● **Exercise input**:

------------------------

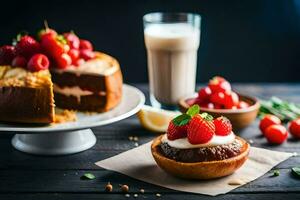 un pastel con fresas y crema en un de madera mesa. generado por ai foto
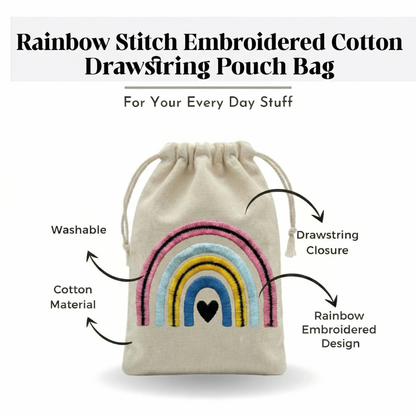 Rainbow Embroidered Cotton Drawstring Pouch Bag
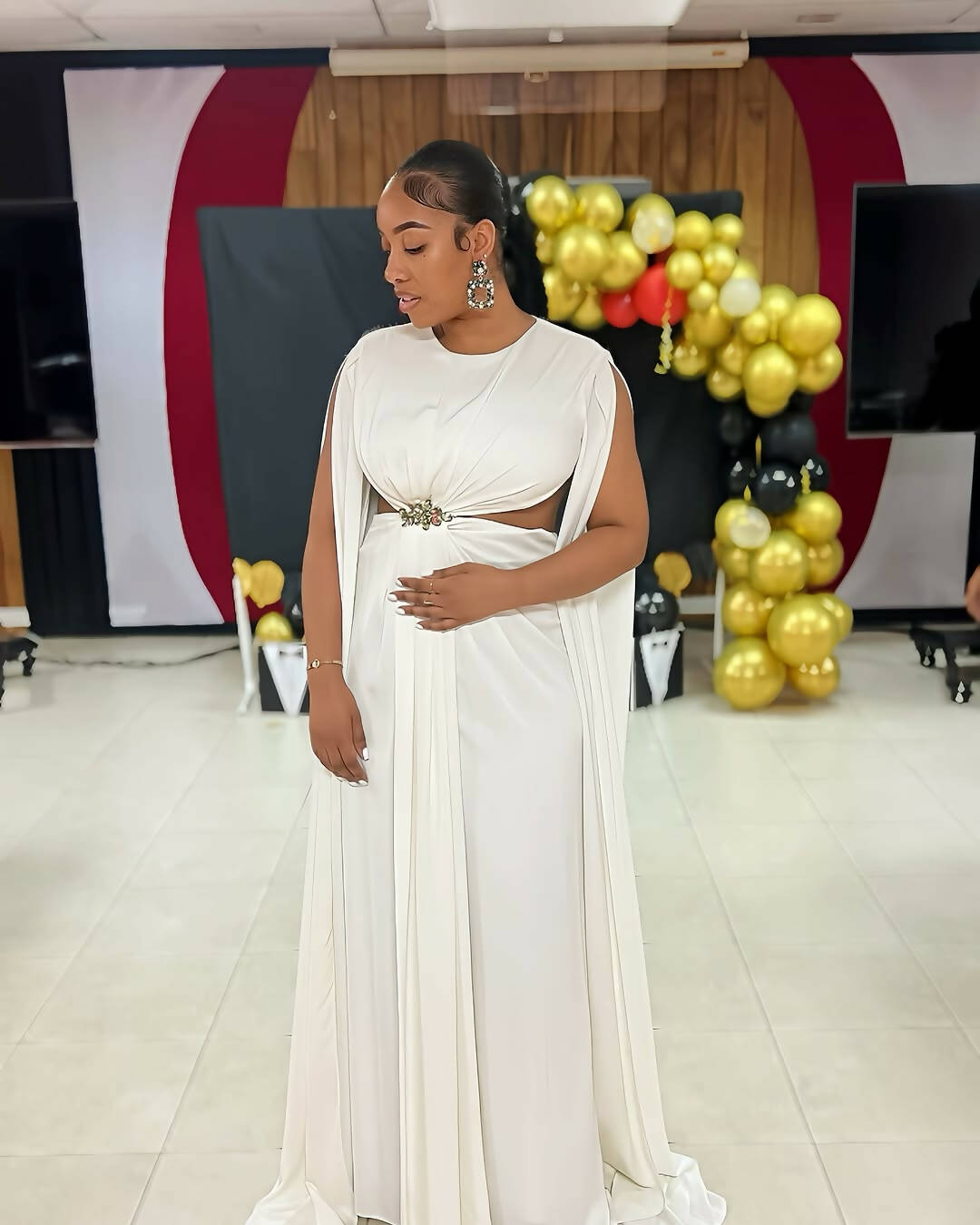 Kokobella Shawl Sleeve Jewel Clasp Gown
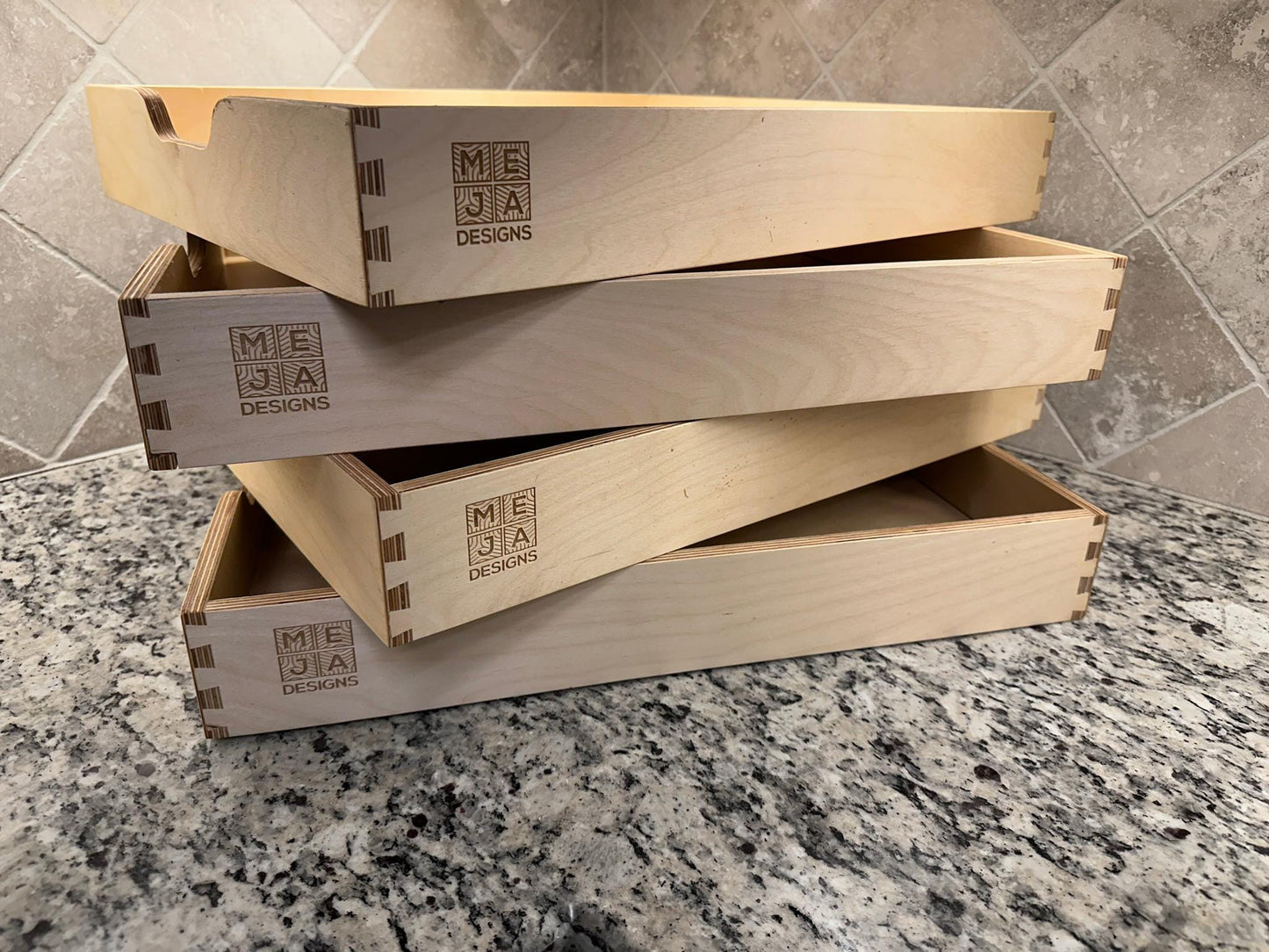 Drawer | Baltic Birch Plywood, Half Blind Dovetail, 1/2" Sides, 1/4" Birch Ply Bottom, Clear Coated, Pull Cut out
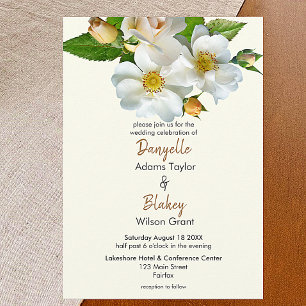Simple White Wild Roses On Ivory Modern Wedding Invitation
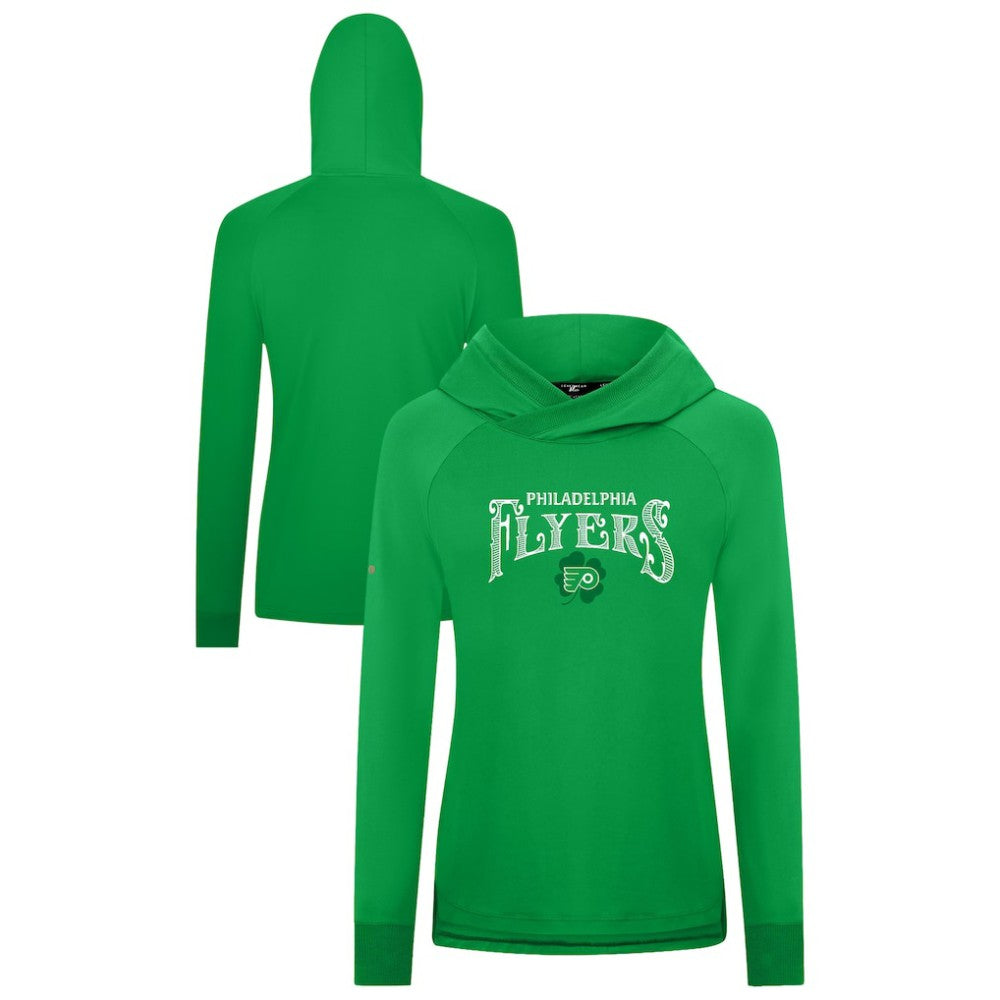 NHL Philadelphia Flyers Levelwear Women's St. Patrick's Day Slender Raglan Hoodie - Kelly Green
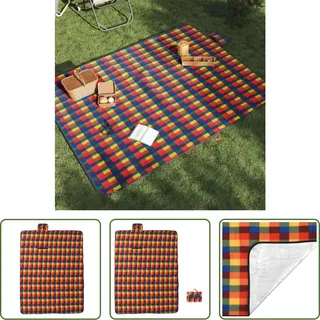The Living Store Picknickdecke Faltbar Mehrfarbig Kariert 200x150 cm Samt - Bunt
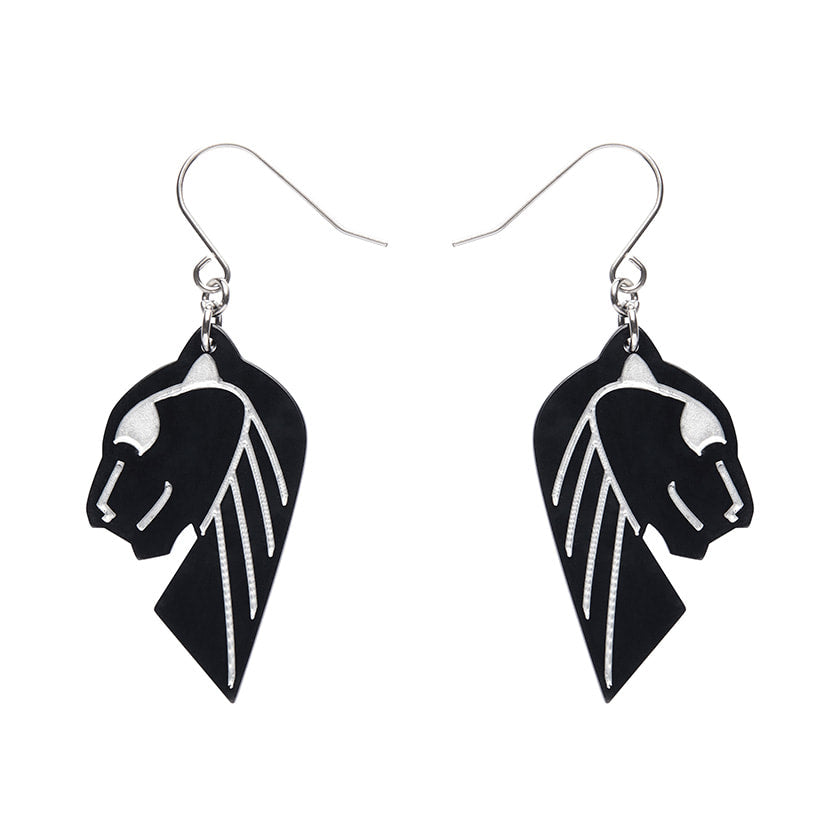 Jaguar Black Drop Earrings - Silver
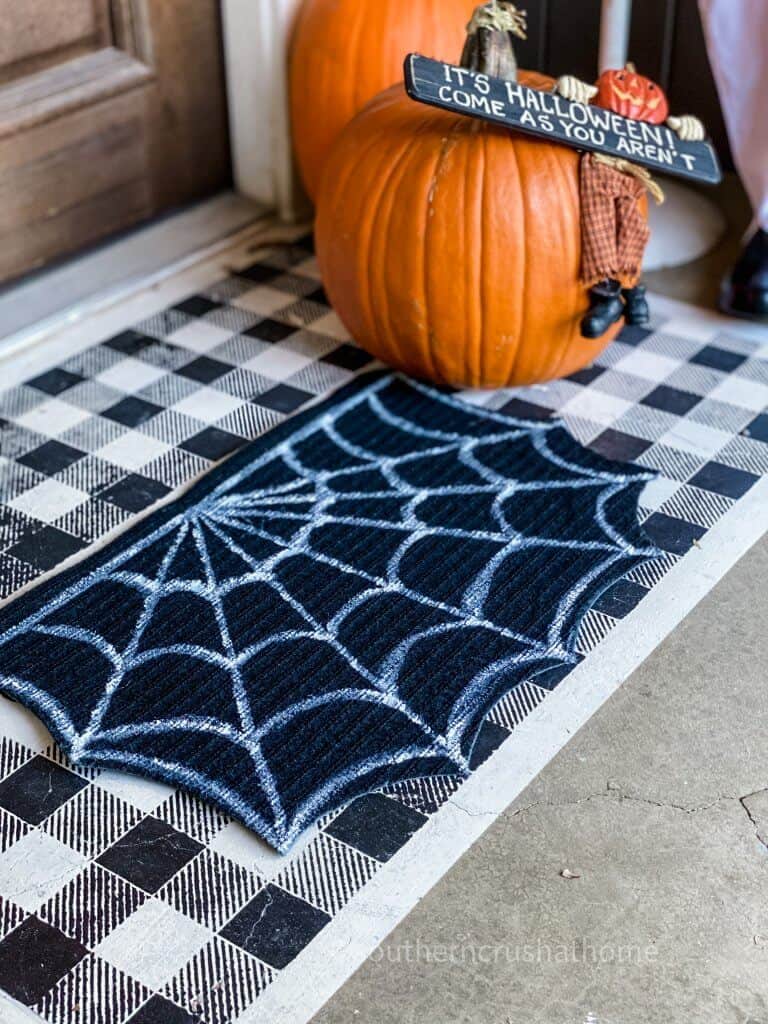 Styled Dollar Tree Spider Web Doormat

------------------------

● **Task goal**: Once the line containing "Rainbow Embroidered Cotton" is found, it and every line through the end of the records above should be output exactly, with no pictures.

● **Answer**:
 Rainbow Embroidered Cotton Drawstring Pouch Bag
 Kokobella Shawl Sleeve Jewel Clasp Gown
 Drawer | Baltic Birch Plywood, Half Blind Dovetail, 1/2" Sides, 1/4" Birch Ply Bottom, Clear Coated, Pull Cut out
Simple White Wild Roses On Ivory Modern Wedding Invitation
 NHL Philadelphia Flyers Levelwear Women's St. Patrick's Day Slender Raglan Hoodie - Kelly Green
The Living Store Picknickdecke Faltbar Mehrfarbig Kariert 200x150 cm Samt - Bunt
 Jaguar Black Drop Earrings - Silver
 Styled Dollar Tree Spider Web Doormat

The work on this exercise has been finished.